Ostatnie tygodnie były trudne. Męczące. Ciężkie. Stresujące. Z jednej strony dostarczały powodów do radości i dumy, z drugiej strony czasem, gdy śpisz 4 godziny albo dwie i o 5.30 rano meldujesz się na Centralnym, masz gdzieś powody do radości i dumy i wolałbyś właśnie przekręcać się na bok w ciepłym łóżku, zjeść z dziećmi śniadanie, zamiast łapać kanapkę gdzieś na dworcu. Nie wiem, czy kiedyś miałam tak zapracowany czas jak ostatnio. Wiem, że nigdy nie miałam tak zapracowanego czasu jak ostatnio, a zarazem dwójki dzieci na głowie. Logistyki, kombinacji, katarów, kaszlu, gorączki, wizyt u pediatry, nebulizacji, wizyt na dyżurze, syropów, soli fizjologicznej, czyszczenia nosa. Babcie na emeryturze jak nic ratowały sytuację – inaczej obowiązkowo szukałabym niani na ostatnie dwa miesiące. Biegałam z zegarkiem w ręku, na czas, oby szybciej, oby już, kawa, lecimy. Nie miałam czasu na tyle rzeczy, które lubię przed świętami. Nie miałam czasu, by ten czas odpowiednio wykorzystać, odpowiednio celebrować.

 

Jeden dzień będę wspominać. Piątek tuż przed świętami. Piątek, który miałam spędzić na ogarnięciu zaległości, przygotowaniu kilku rzeczy zawodowo, uporządkowaniu spraw. Zostawiłam dzieci z moją Mamą. I wiecie co? Ledwo otworzyłam komputer. Bo nie dość, że zakupy świąteczne wygrały, to wygrał cudowny czas z moimi przyjaciółkami. Jedna mieszka w Madrycie, druga w Paryżu, więc nie mam ich na co dzień. Nadal widziałam je za krótko, nadal trzeba było kończyć szybciej niż bym chciała, nadal za mało czasu, by obgadać wszystko i nadal tęsknię za czasem, gdy masz dla kogoś cały dzień, nic Cię ogranicza, nie patrzysz na zegarek… Ale te kilka godzin to zawsze coś!

 

Dlatego na święta życzę / życzymy Wam i sobie tej JEDNEJ RZECZY, której mi stale ostatnio brakuje: CZASU.

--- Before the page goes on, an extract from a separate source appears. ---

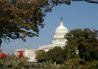 Picture of U.S. Capitol Building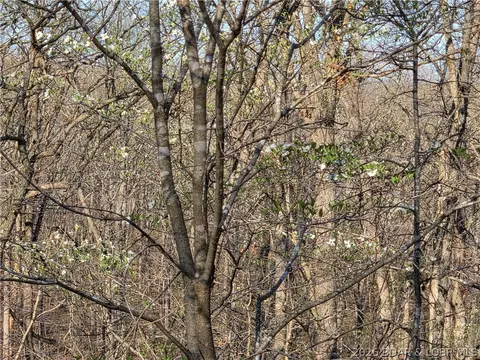 galvin place, Edwards, MO 65326 photo 6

Czasu dla siebie – by wypić ulubioną kawę, przeglądając pachnącą świeżością gazetę, a nie odpisując na maile. Rozmawiając z przyjaciółką, a nie załatwiając milion spraw przez telefon. Siedząc w miękkim fotelu, a nie biegnąc między samochodem, przedszkolem, żłobkiem i pracą.

Czasu dla siebie – by wieczorem poczytać książkę, a nie nadrabiać zaległości na komputerze lub w domu, by zadbać o siebie, wyspać się i jeść pysznie, ale bardziej wartościowo, by nie być nieustannie w biegu

Czasu z dziećmi i dla dzieci – czasu, w którym nie będziemy mówić: “zaraz”, “poczekaj”, “nie mam czasu”, czasu bez telefonów i bez nerwów, czasu, w których nie irytuje nas, że po raz 578 robimy to samo, a mleko znów wylało się na podłogę. Czasu na spokojne poranki i wieczory, podczas których nie padasz na twarz. Czasu na bajkę wieczorem bez patrzenia na zegarek.

Czasu dla Was – we dwoje, tak jak lubicie. Bez pośpiechu, bez ograniczeń, bez dzieci. Tak jak kiedyś. Czasu, w którym wieczorem oglądasz film i nie zasypiasz na kanapie. Czasu na wylegiwanie się we dwoje w łóżku. Czasu na wspólny obiad albo lunch na mieście. Czasu na spacer – może  być z dziećmi. Czasu na rozmowę, która nie jest tylko układaniem planu na następne dni. Czasu na randkę – nie w domu, nie na kanapie, nie jak dzieci śpią. Na taka prawdziwą RANDKĘ.

Czasu, który pozwala widzieć więcej i cieszyć się bardziej. Czasu, dzięki któremu dostrzegasz spadające liście, zapach powietrza w zimowy poranek, dzięki któremu kawa smakuje lepiej, a Ty naprawdę doceniasz to, co masz. Masz czas, by doceniać i by się tym cieszyć.

 

Tego Wam życzę na święta! I bardzo mocno życzę tego sobie! Wesołych Kochani!